The Problem: Driver fatigue (sleepiness) is one of the leading causes of road accidents. This project creates a smart system that can detect when a driver is getting tired and automatically suggests helpful actions to keep them alert.
How It Works: The system collects data from multiple sources:
- Camera – Records facial expressions to detect yawning, blinking, and eye closure
- Vehicle Sensors – Monitors steering angle and lane position (irregular driving indicates drowsiness)
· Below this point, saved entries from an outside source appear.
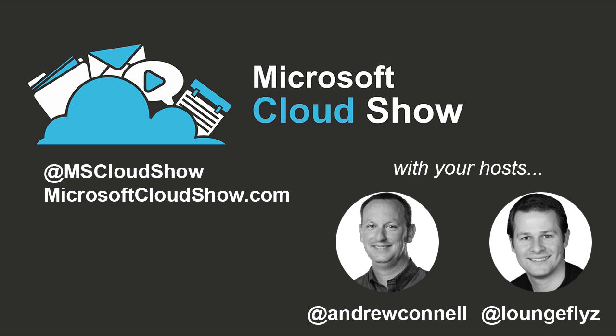IT Unity is going live tomorrow, April 23rd. It's a new online resource for businesses and individuals trying to solve problems with technology, focusing first on SharePoint and Office 365. We're recording this on April 22nd; the show comes out April 29th, so by the time you hear this, the site will already be live.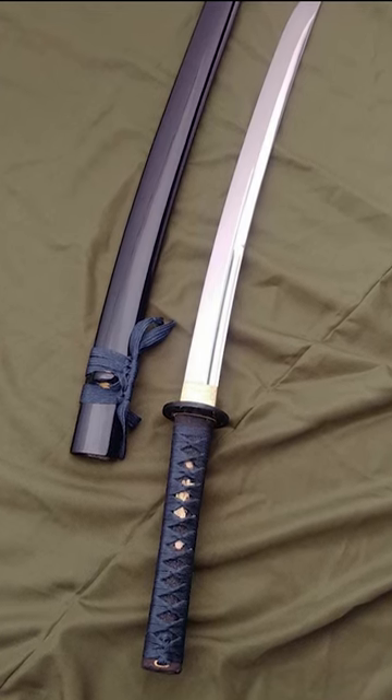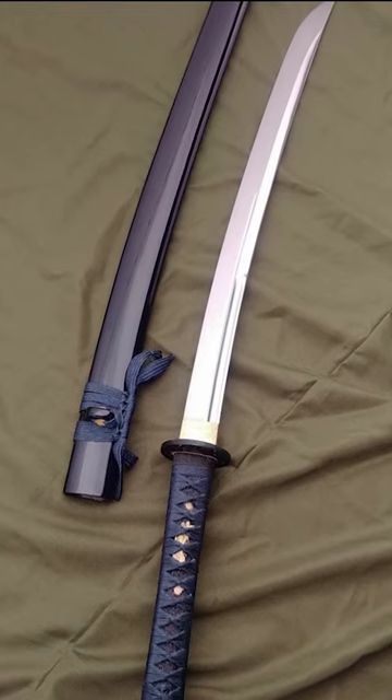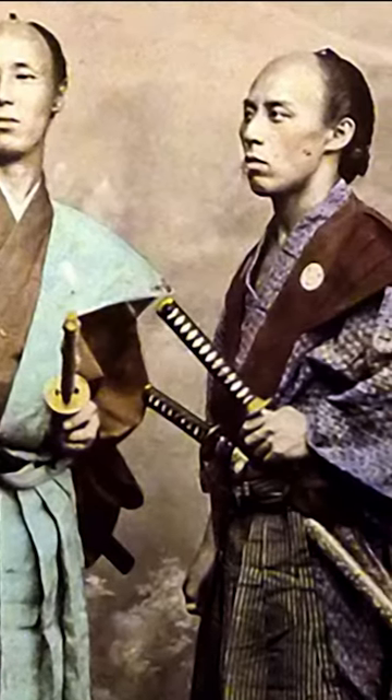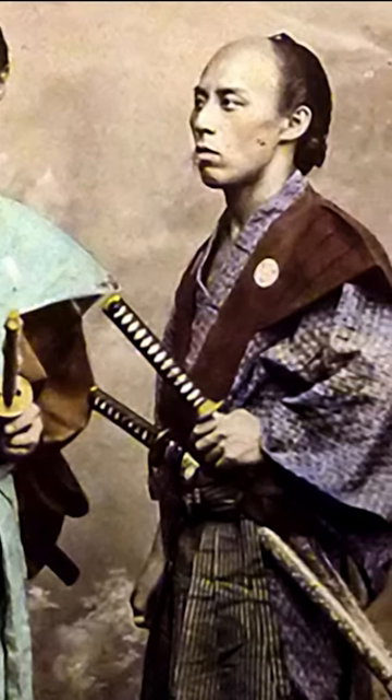The wakizashi was a shorter sword than the katana. The two weapons were often carried simultaneously on the samurai's waist. Only samurais were allowed to carry the pair of swords known as daishou. This symbolized social power and personal honor.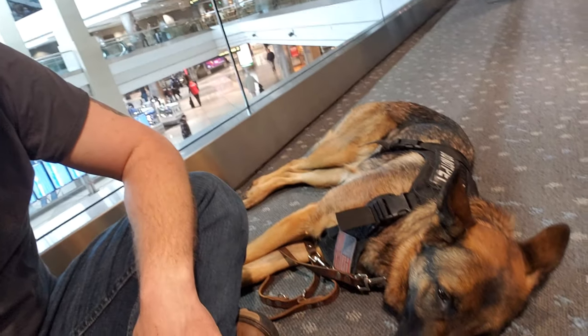I'm stuck in Denver Airport. I have flown so many times this year, I thought it was a good time to talk about flying with my service dog.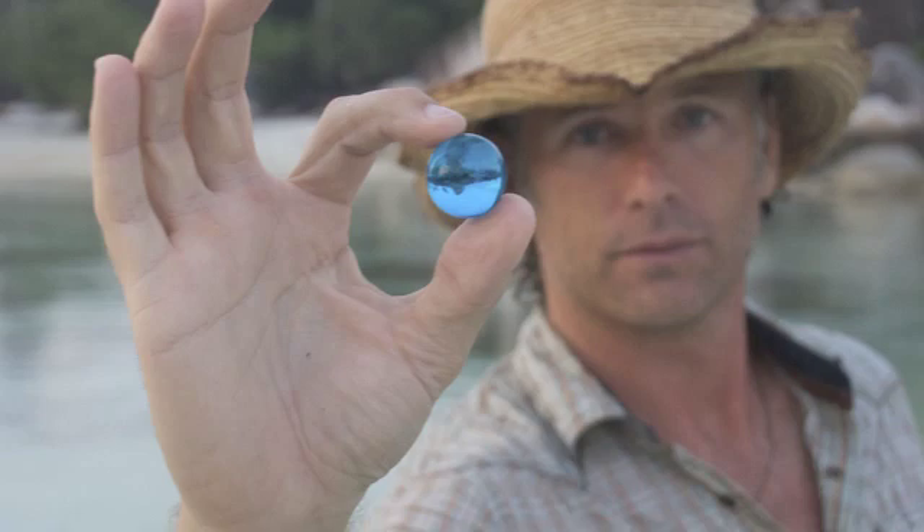And the message he came up with was pretty simple: take the blue marble in your hand, share it with someone, and thank them for the work they're doing to take care of our planet, and ask them to do the same thing — in other words, pass it along.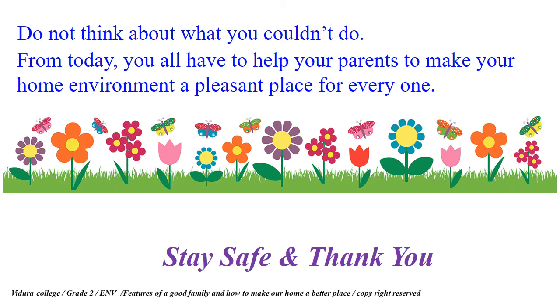Do not think about what you couldn't do. From today, you all have to help your parents to make your home environment a pleasant place for everyone. Stay safe, and thank you for listening. Bye-bye.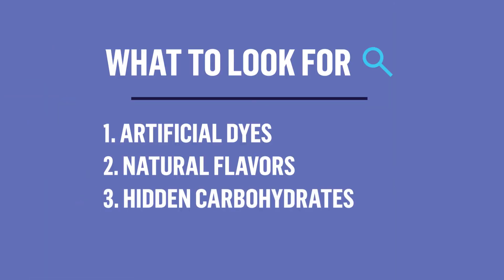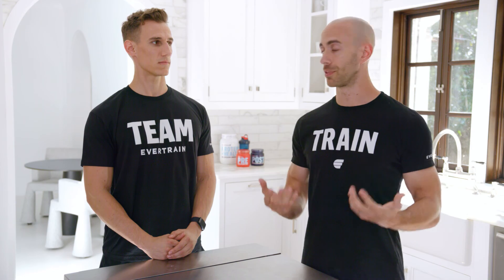And the last thing I want you to look for — and this is really important for people on keto diets or low-carb diets — are hidden carbohydrates. This is the perfect place for products to put hidden carbs. You may be asking yourself, how is that possible? Why aren't they listed on the top of the label? Well, dietary supplement facts labels don't require caloric info on them. So a lot of vendors will put the carbohydrates in the other ingredients section. Things you want to look for are dextrose and maltodextrin.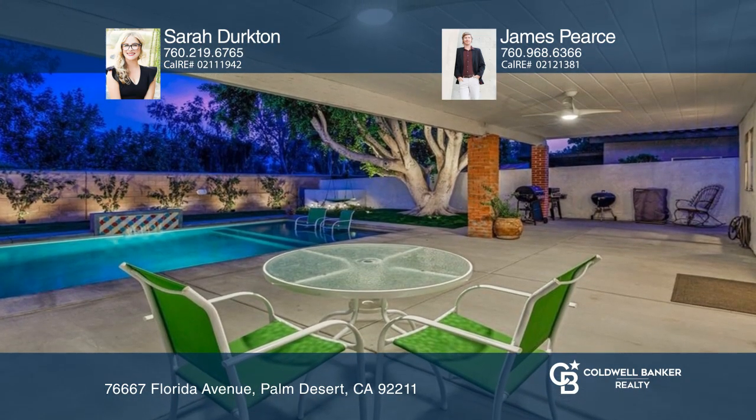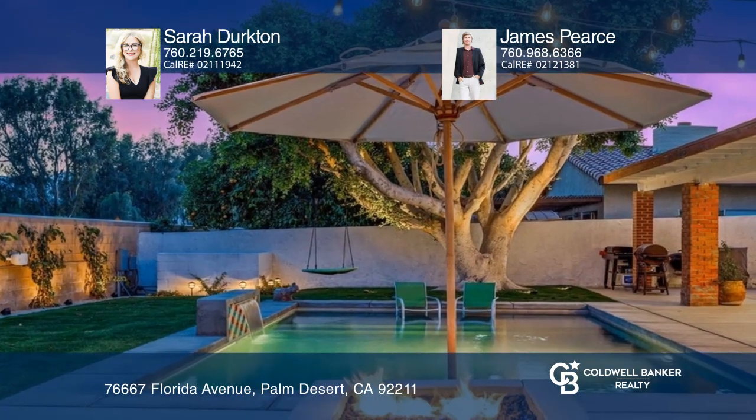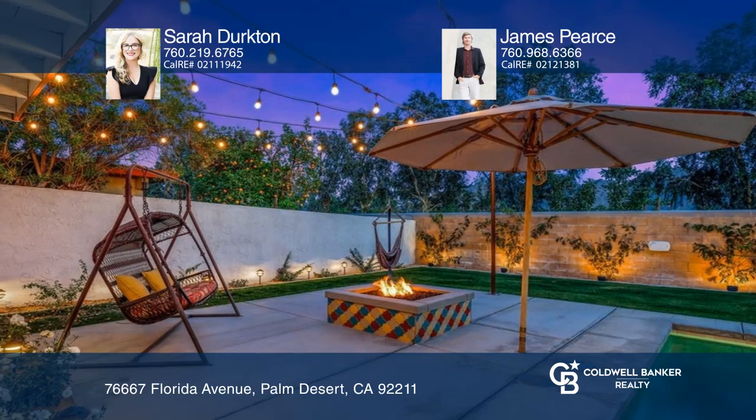Outdoor living is made enjoyable in the backyard with a concrete patio, pebble tech pool, a fire pit, all new landscaping and lighting. Welcome home.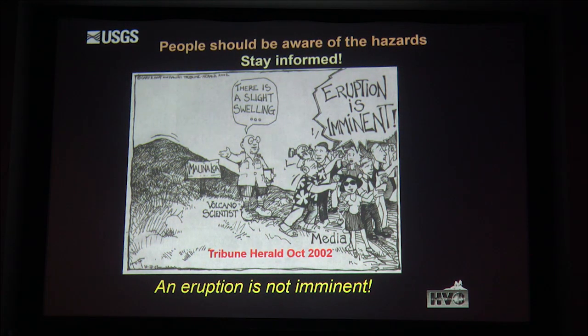The take-home message is: people should be aware of the hazard and stay informed. An eruption is not imminent. In 2002, we had a meeting like this where we mentioned slight swelling and the press ran with it—so the take-home message is: an eruption is not imminent. Okay, questions?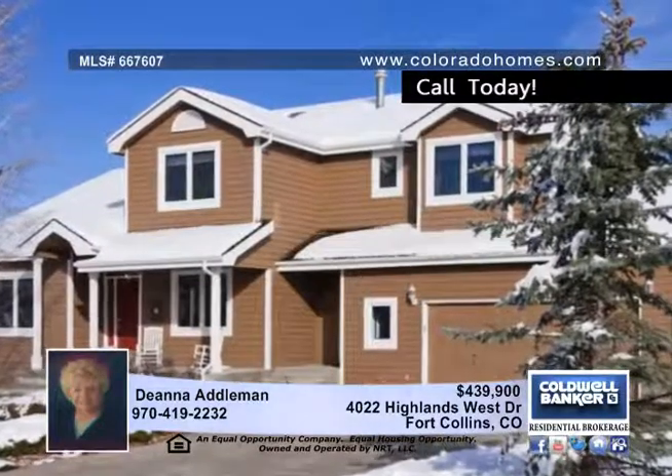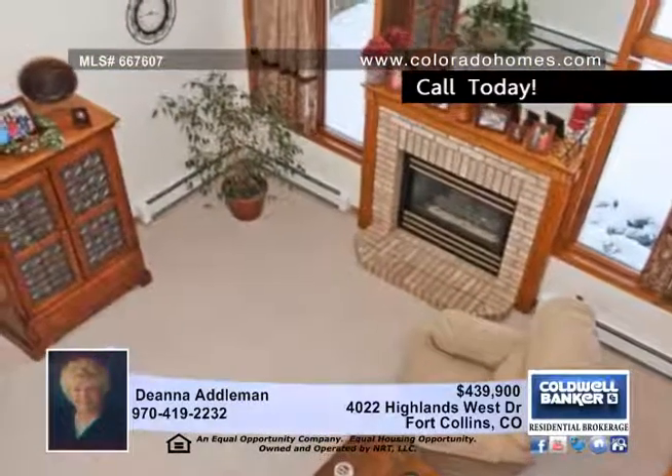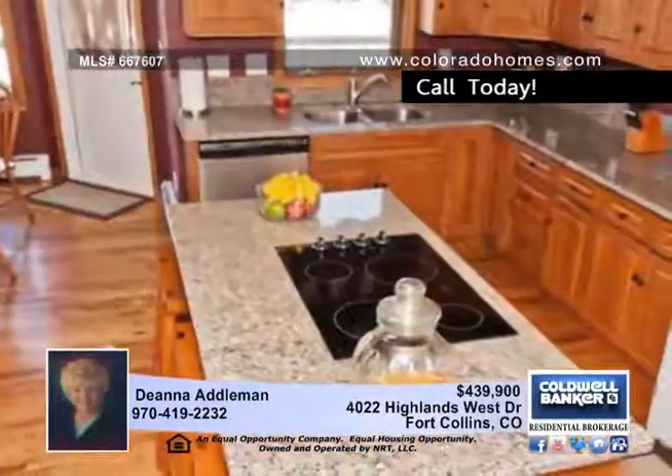Live on the Street of Dreams in this beautiful two-story home on a half-acre lot in a highly sought-after neighborhood. Enjoy a great view of the park-like backyard from the comfy and cozy family room.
- Audio – Captures driver sounds for voice analysis
What It Does: Using an Artificial Intelligence model called LLaMA 2, the system:
- Analyzes all this data in real-time
- Calculates a "fatigue score" (is the driver alert, drowsy, or sleepy?)
- Recommends appropriate actions like:
- Playing music to wake them up
- Calling a contact for conversation
- Adjusting cabin temperature (fan, AC)
- Suggesting rest stops
This is a complete automated solution that runs continuously during driving and reacts instantly when drowsiness is detected.
Research setup: Driver fatigue detection testing environment using CARLA simulator with steering wheel hardware interface
This section explains the complete pipeline from data collection to real-time deployment. The workflow consists of six main stages:
Why Simulation? Real-world drowsy driving data is hard to collect safely and ethically. Instead, the project used the CARLA Simulator – a realistic virtual driving environment that allows testing without real safety risks.
How Data Was Collected:
- Multiple people "drove" in the simulator for about 20 minutes each session
- Different routes and maps were used to get varied driving scenarios
- All sensor data (camera, steering, audio) was recorded simultaneously with precise timestamps
What Data Was Captured:
| Data Type | What It Captures | Why It Matters |
|---|---|---|
| Camera | Facial video from dashboard view | Detects eye blinking, yawning, head position |
| Telemetry | Steering angle, lane position, speed | Detects swerving and loss of control |
| Audio | Driver sounds and speech | Detects slurred speech, yawning sounds |
Storage Method: All data was saved in ROS 2 bag files (.mcap) – a special format that preserves exact timing information so sensors can be synchronized later. File: bag_writer_for_offline_data.py
The Challenge: Different sensors run at different speeds:
- Fast sensor: Camera records 30 frames per second
- Slow sensor: Steering wheel sensor records data only 10 times per second
If you try to combine these directly, the timing gets misaligned (like trying to sync audio and video that are out of sync).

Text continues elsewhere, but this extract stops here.